Wsus disable online check gpo and prevent from updates

Question

Hi Everyone

How to do that:

All our computers (windows 10) uses WSUS as a default update server and that is ok for us.
To prevent users from checking online updates when they are outside the company we set gpo :

• Computer Configuration/Administrative Templates/System/Internet Communication Management/Internet Communication settings
  Turn off access to all Windows Update features = Enabled

But crucial for us is to how modify wsus gpo to achieve:

when user is outside the company then can check updates, download and install(security, important) but not to get and install "big" updates like version updates (1903>recent 20H2)

thx

Answer 1

Hi GracjanPodcki-6418,

Thanks fr your posting on Q&A.

It is recommended to apply the below policy to see whether this issue will be resolved or not:
[Select when Preview Builds and Feature Updates are received]
Path: Computer Configuration\Administrative Templates\Windows Components\Windows update\Windows Update for business

Reference picture:

We could test it on a tested computer first.

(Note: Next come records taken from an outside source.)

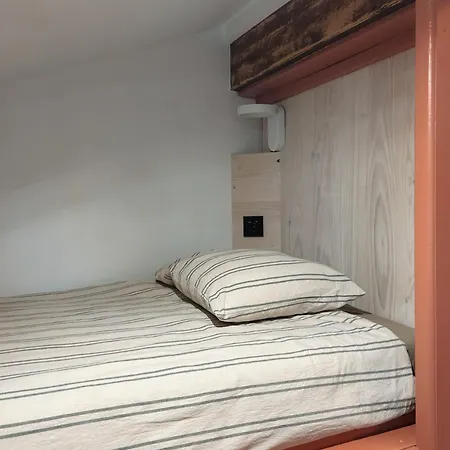 Shifting Sands Surf House *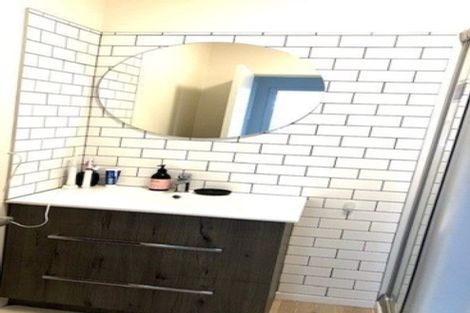 Photo of property in 1/2 East Coast Road, Milford, Auckland, 0620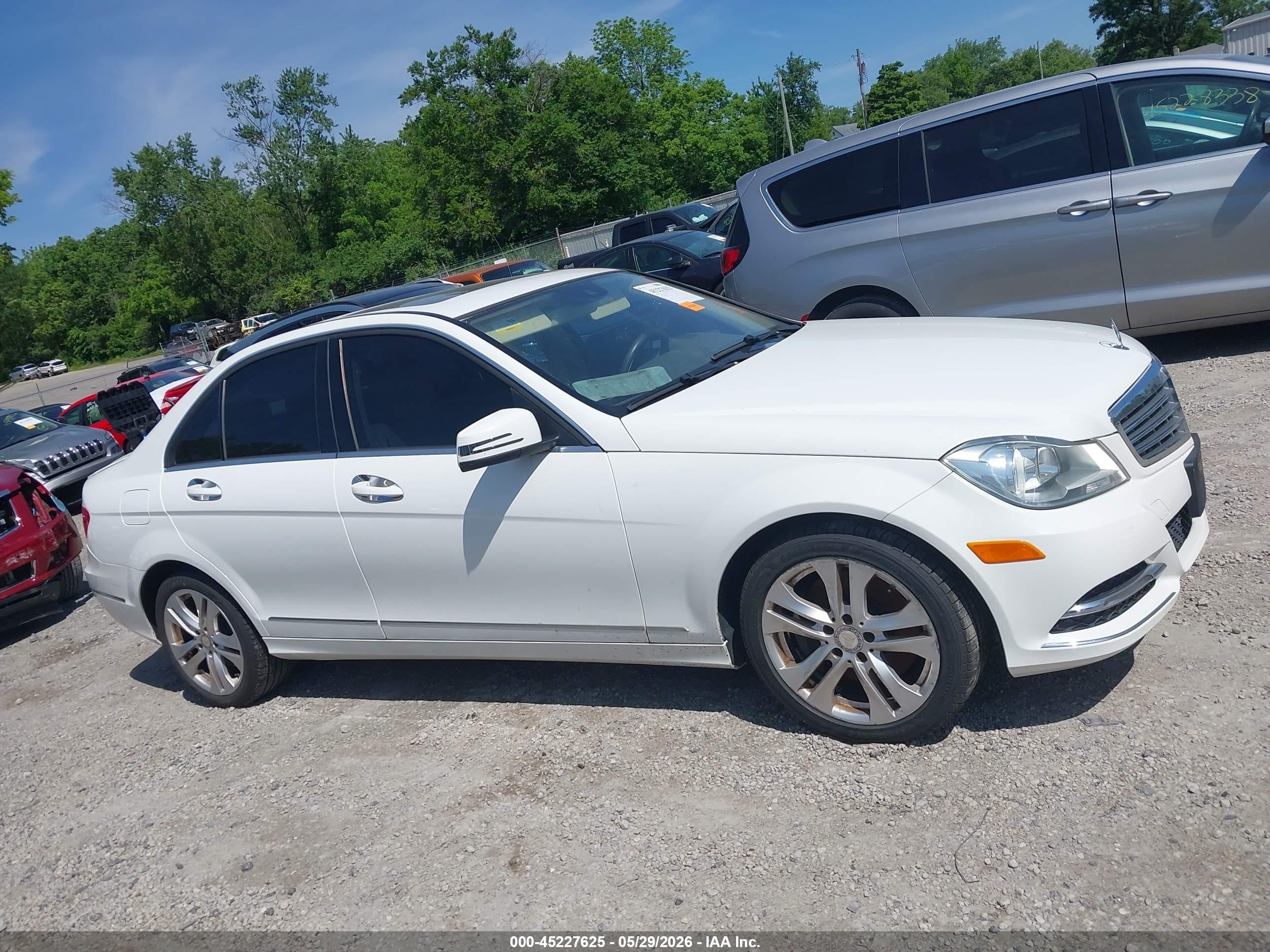 2013 Mercedes-benz C 300 Luxury 4matic White vin: WDDGF8AB1DR270714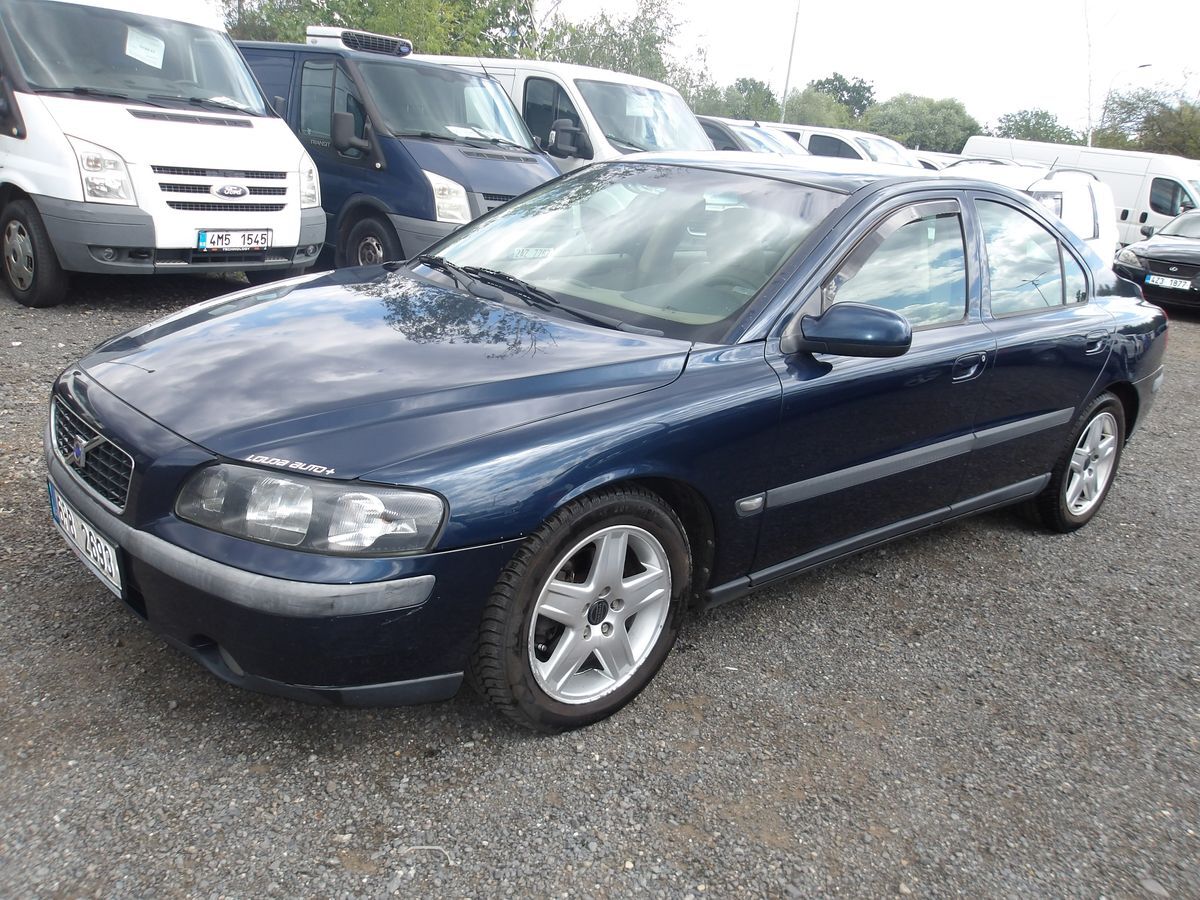 2002 VOLVO S60
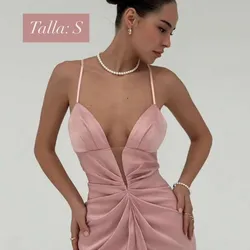 Vestido rosado elegante con escote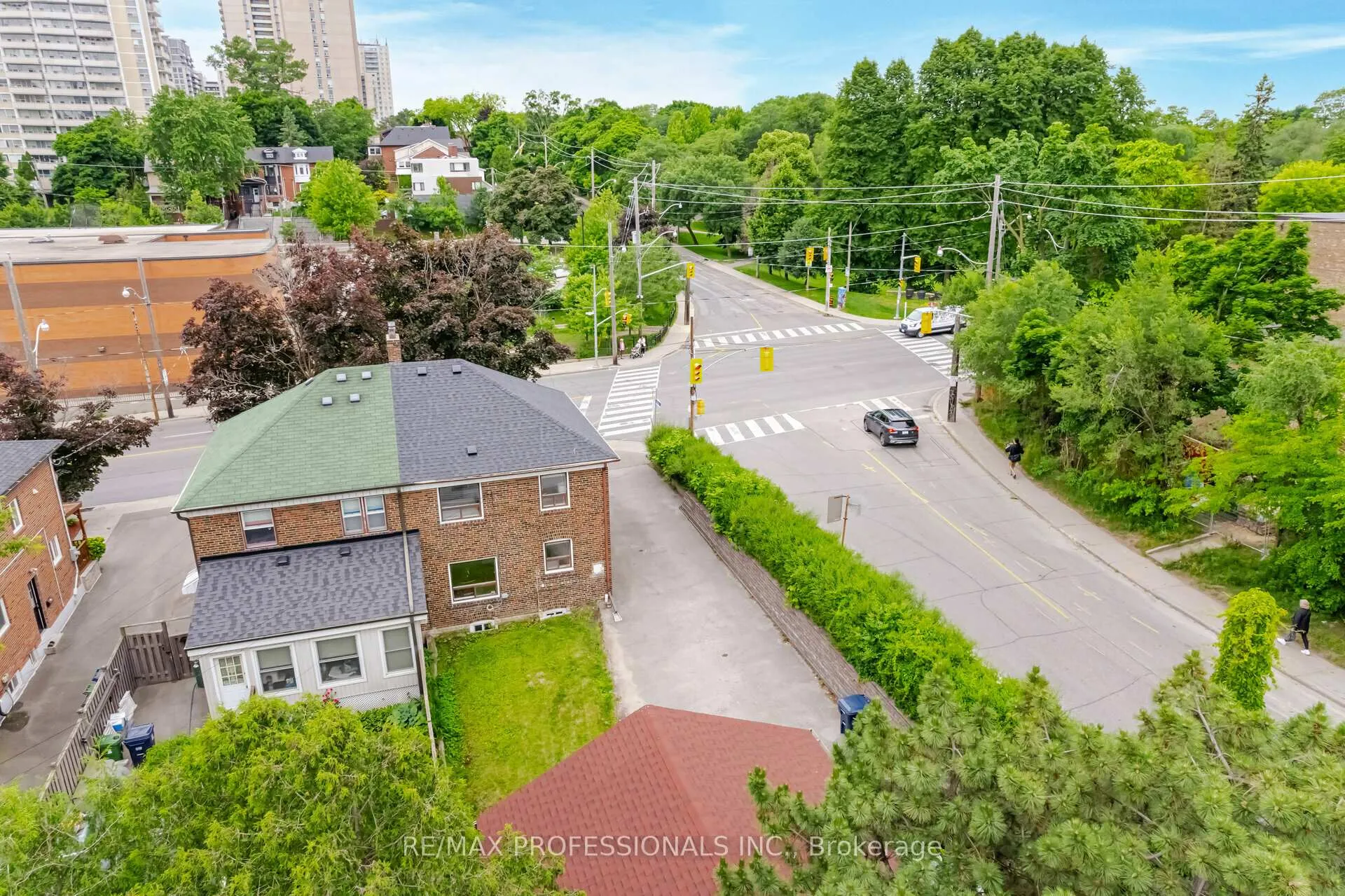 Photo 31 of 111 Keele Street, Toronto, High Park North — HOMEH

If the policy work normally, we could apply on the all domain.

If there are any feedbacks about this solution, please keep us in touch.

Regards,
Rita

---

If the response is helpful, please click "Accept Answer" and upvote it.
Note: Please follow the steps in our documentation to enable e-mail notifications if you want to receive the related email notification for this thread.

Answer 2

Hi

Thx for advice but one question
If i exclude machine from wsus company policy and add machine to this policy above
Does my computer would be allowed to download and install other updates automatically?